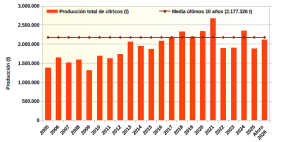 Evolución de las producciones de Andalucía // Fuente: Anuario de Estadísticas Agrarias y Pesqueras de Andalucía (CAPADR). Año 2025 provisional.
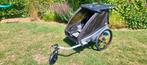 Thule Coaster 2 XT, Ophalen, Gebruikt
──────────
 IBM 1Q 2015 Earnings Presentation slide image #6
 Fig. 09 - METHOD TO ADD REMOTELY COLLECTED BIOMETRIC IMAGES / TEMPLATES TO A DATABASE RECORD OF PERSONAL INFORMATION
──────────
— PROBLEM REQUIREMENTS —
Find where the line with "IBM 1Q 2015" sits in the material above, then copy exactly from it through the line with "Fig. 09 - METHOD". Add no other line.

— ANSWER BOX —
 IBM 1Q 2015 Earnings Presentation slide image #6
 Fig. 09 - METHOD TO ADD REMOTELY COLLECTED BIOMETRIC IMAGES / TEMPLATES TO A DATABASE RECORD OF PERSONAL INFORMATION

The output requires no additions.